# What the task requires
After locating the line with "NWT Zara | Mustard Bodysuit - M" in the entries below, set down exactly that line and each one after it to the end, skipping pictures.

# Provided material
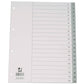 Divisore numerico Q-Connect grigio 22,5x29,7 cm ppl 1-20 KF01828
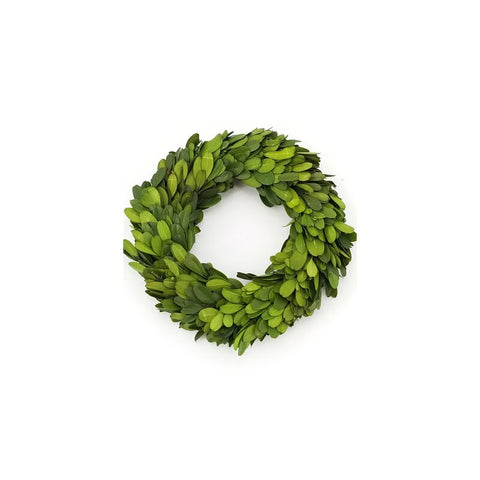 Preserved Boxwood Greenery Wreath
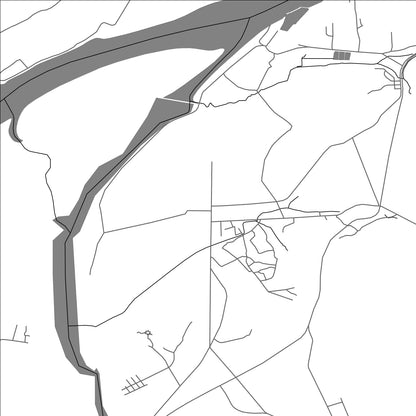 ROAD MAP OF UIJU, NORTH KOREA BY MAPBAKES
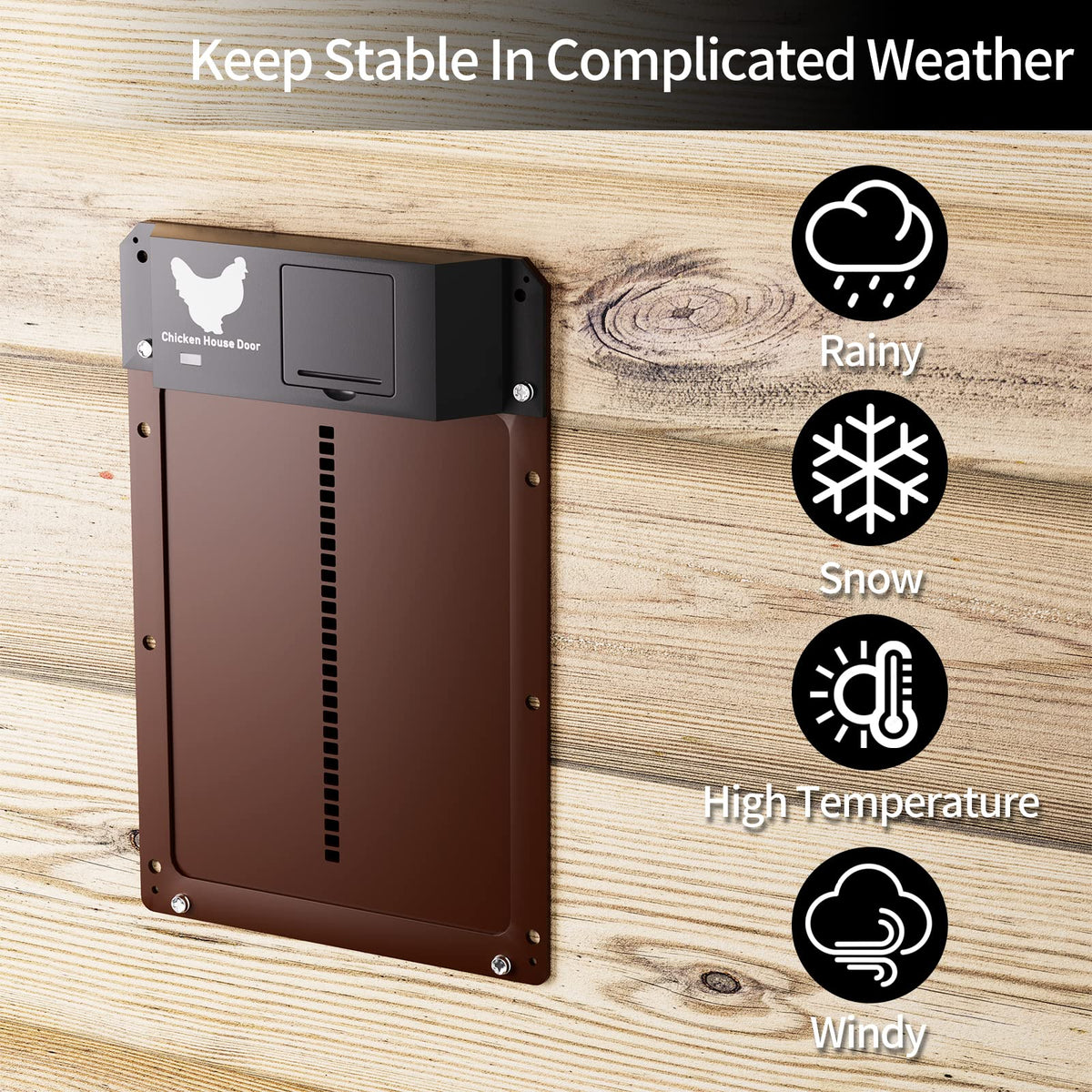 Automatic Chicken Coop Door Opener Light Sensor Battery Operated Color Auto Door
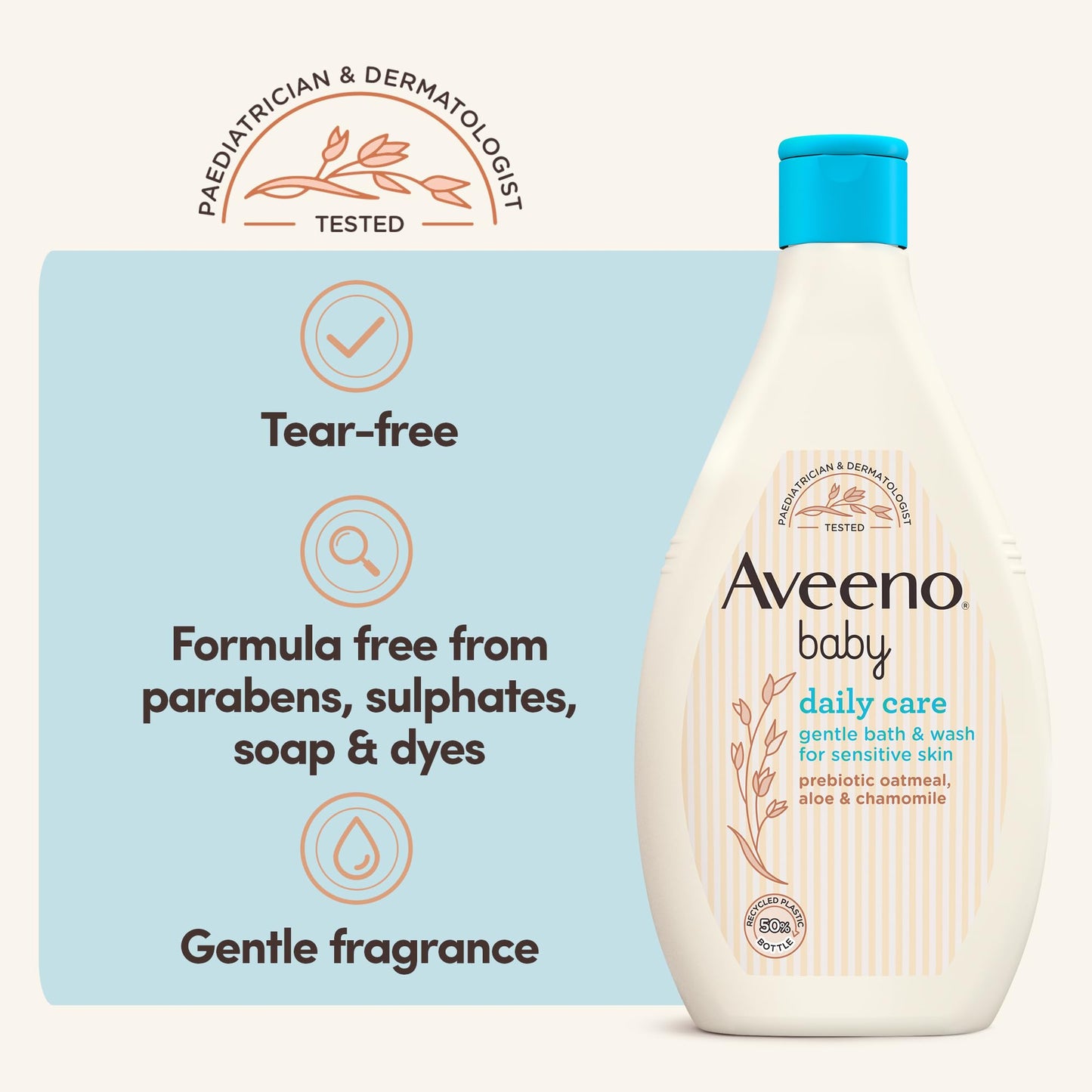 Aveeno Baby Gentle Bath Wash, 400 ml (Pack of 1)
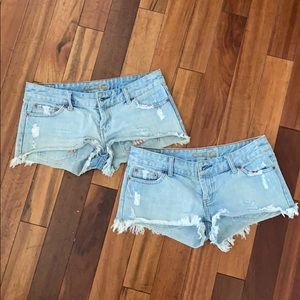 Two pairs of American Eagle shorts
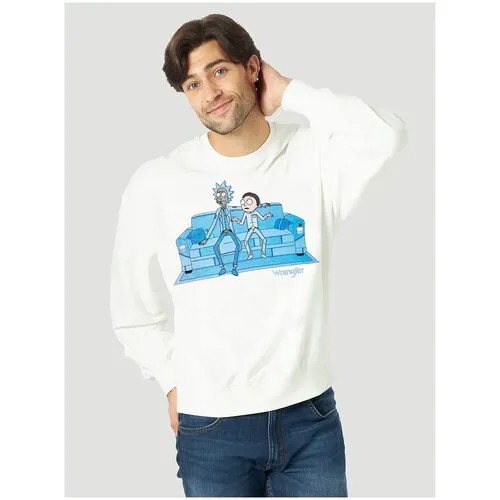 Джемпер Wrangler RICK&MORTY CREW OFF WHITE Мужчины W6R1HN737 S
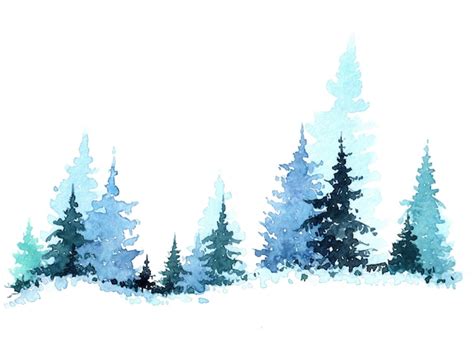 Premium Photo | Watercolor winter illustration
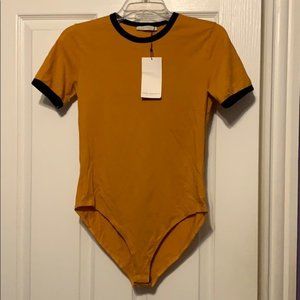 NWT Zara | Mustard Bodysuit - M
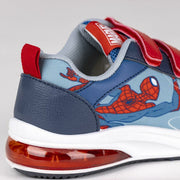 LED Trainers Spider-Man Velcro Blue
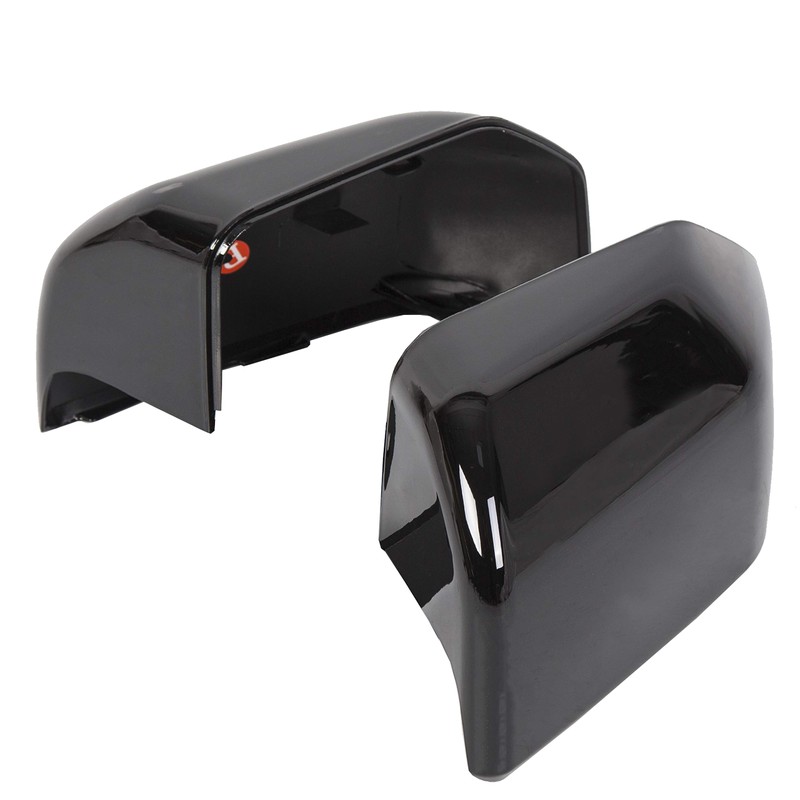 ECOTRIC Top Half Upper Driver/Passenger Side View Gloss Black Mirror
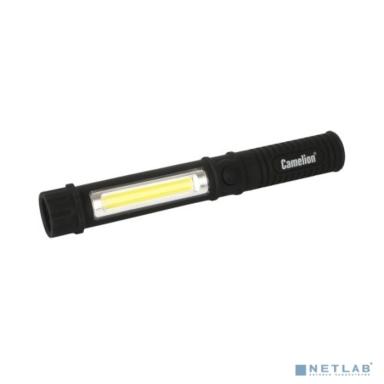Camelion LED51521 (фонарь-ручка,  COB LED+1W LED, 3XR03, пластик, магнит, клипса, блистер)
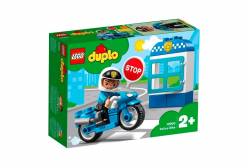 Конструктор LEGO DUPLO Town Полицейский мотоцикл, 8 элементов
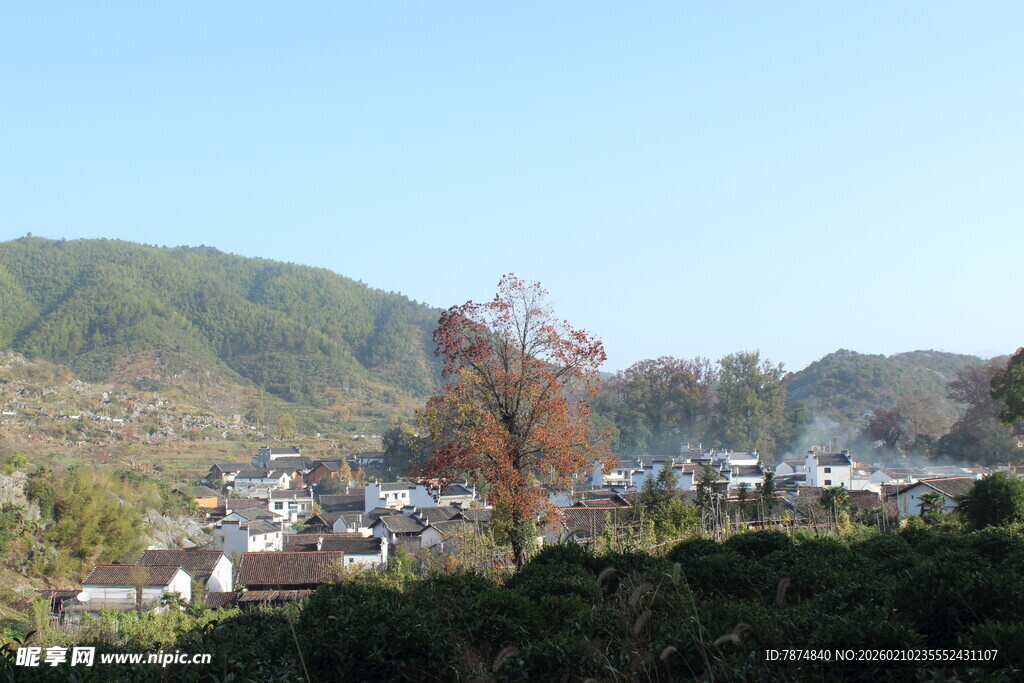 婺源山村美景 宁静自然村落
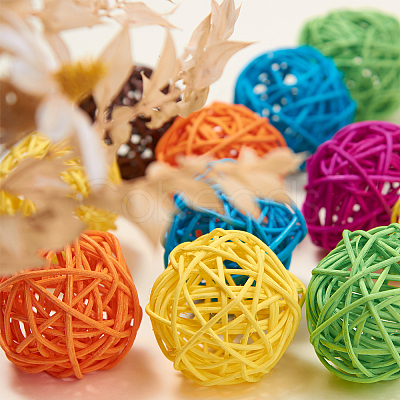 Wicker Rattan Balls AJEW-GF0001-10-1
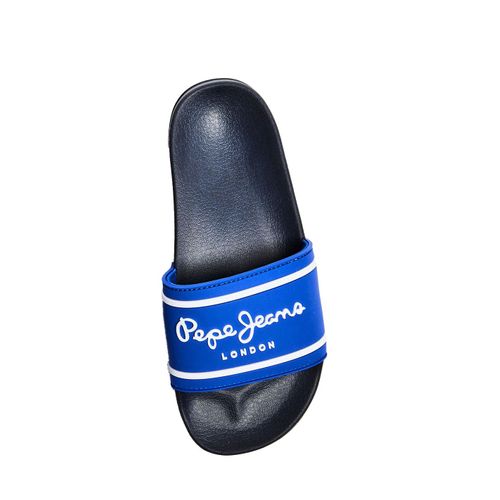 Mules Pepe Jeans Slider Logo Boys Ref 53024 Lagoon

# Result of the exercise
 NWT Zara | Mustard Bodysuit - M
 LED Trainers Spider-Man Velcro Blue
 ECOTRIC Top Half Upper Driver/Passenger Side View Gloss Black Mirror
Camelion LED51521 (фонарь-ручка,  COB LED+1W LED, 3XR03, пластик, магнит, клипса, блистер)
 Конструктор LEGO DUPLO Town Полицейский мотоцикл, 8 элементов
 婺源山村美景 宁静自然村落
 Wicker Rattan Balls AJEW-GF0001-10-1
 Mules Pepe Jeans Slider Logo Boys Ref 53024 Lagoon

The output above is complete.